### Problem requirements
Output the entries exactly as they appear. Pictures should not be included.

### Image-caption web data
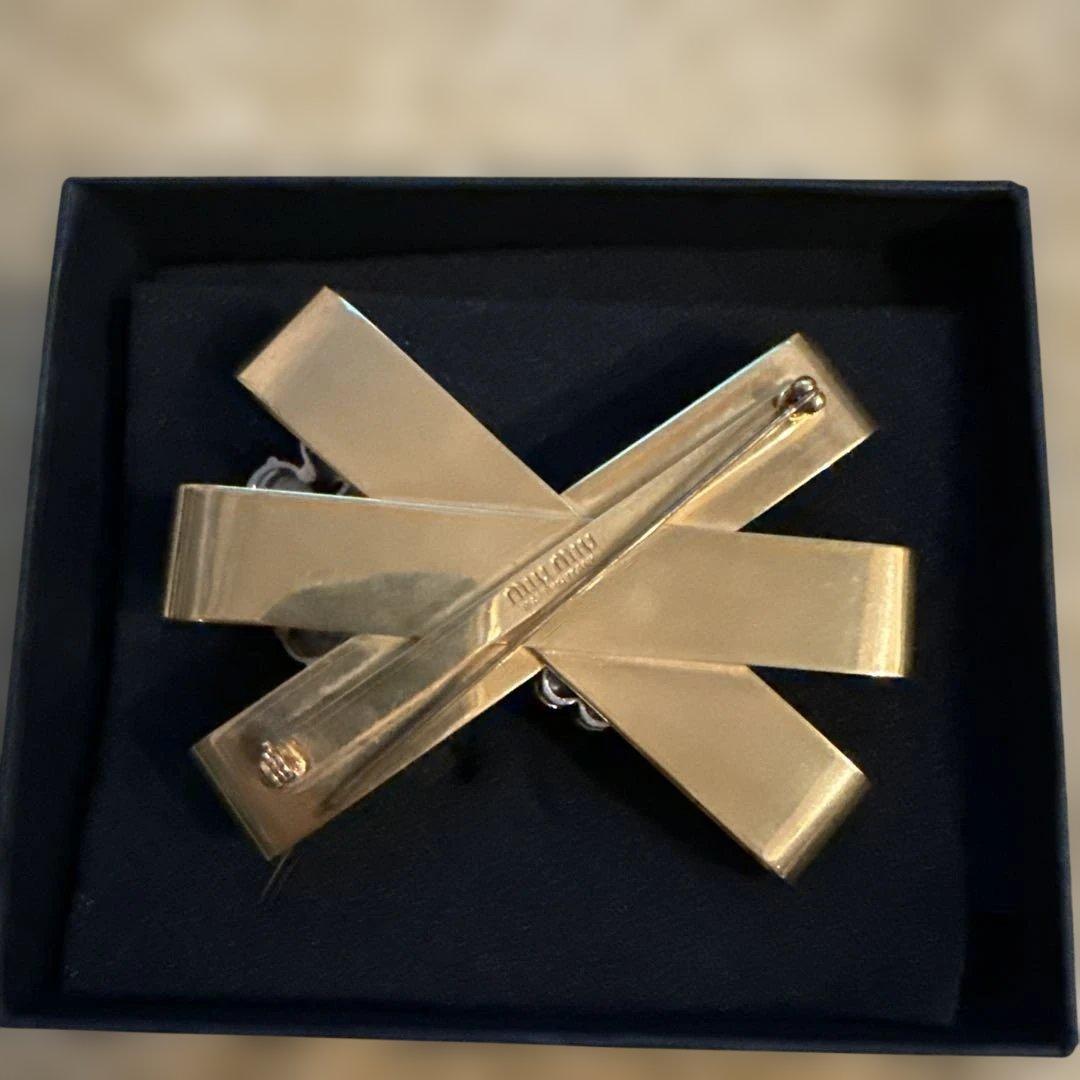 ミュウミュウ ブローチ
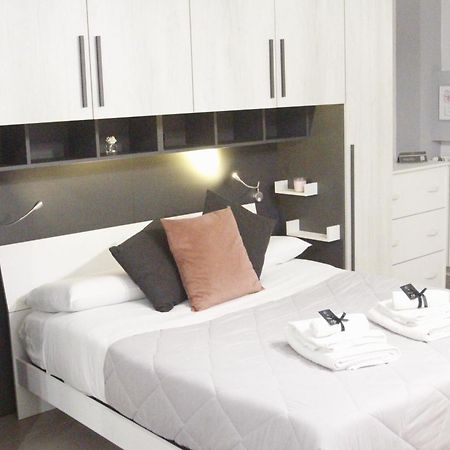 B&B Elles Con Parcheggio Interno Barletta Dış mekan fotoğraf
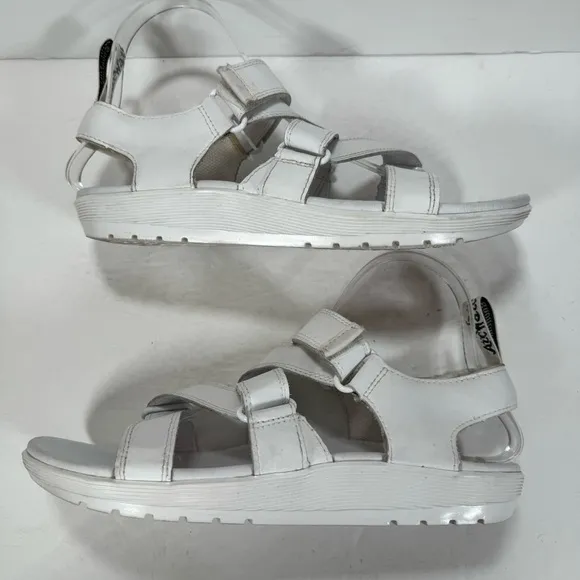 Dr. Martens Redfin White Leather Strappy Sandals Women’s Size 9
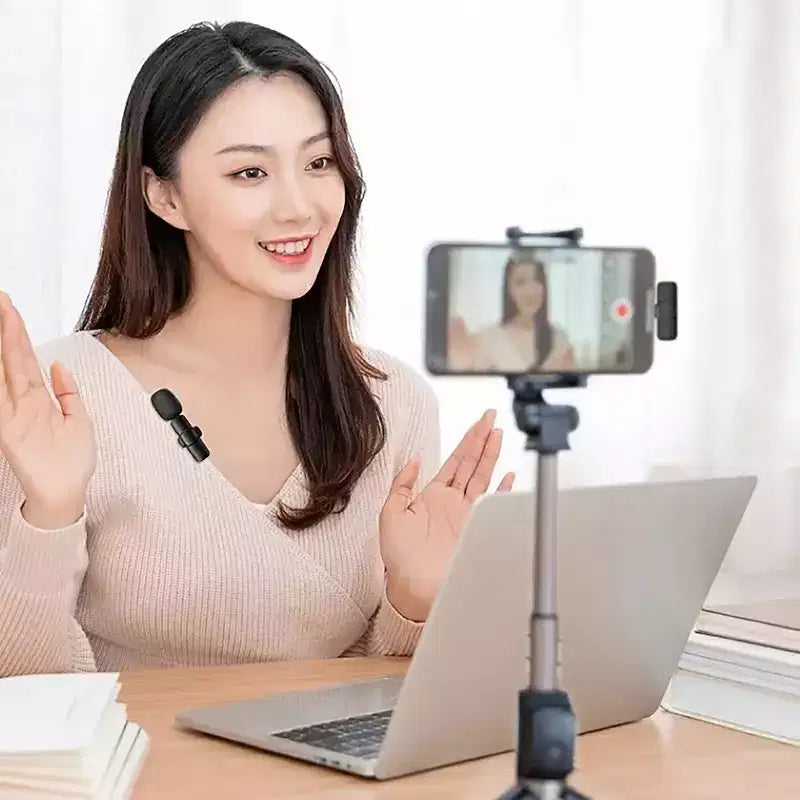Wireless Lavalier Microphone for iPhone, Support One to One, Suitable for Video Recording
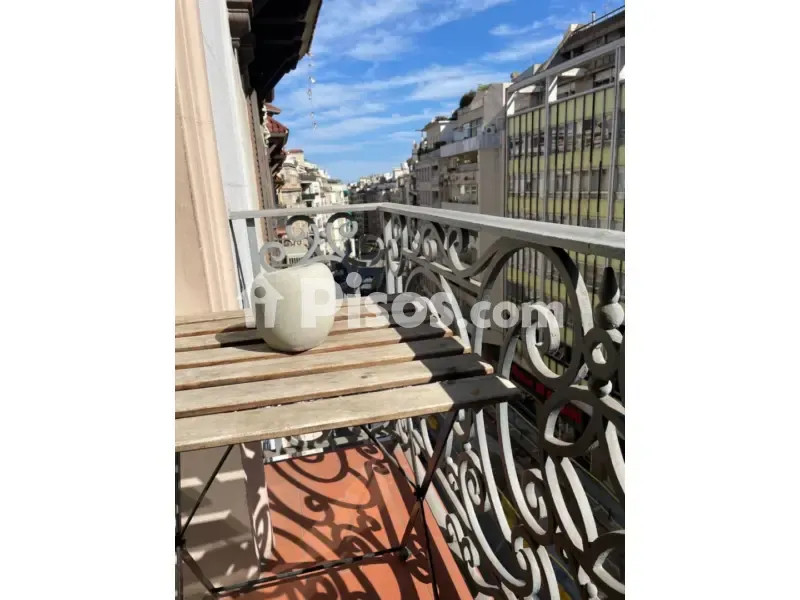 Balcon - Furnished Flat with Balcony in Barcelona's Upper District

### Answer section
 ミュウミュウ ブローチ
 B&B Elles Con Parcheggio Interno Barletta Dış mekan fotoğraf
 Dr. Martens Redfin White Leather Strappy Sandals Women’s Size 9
Wireless Lavalier Microphone for iPhone, Support One to One, Suitable for Video Recording
 Balcon - Furnished Flat with Balcony in Barcelona's Upper District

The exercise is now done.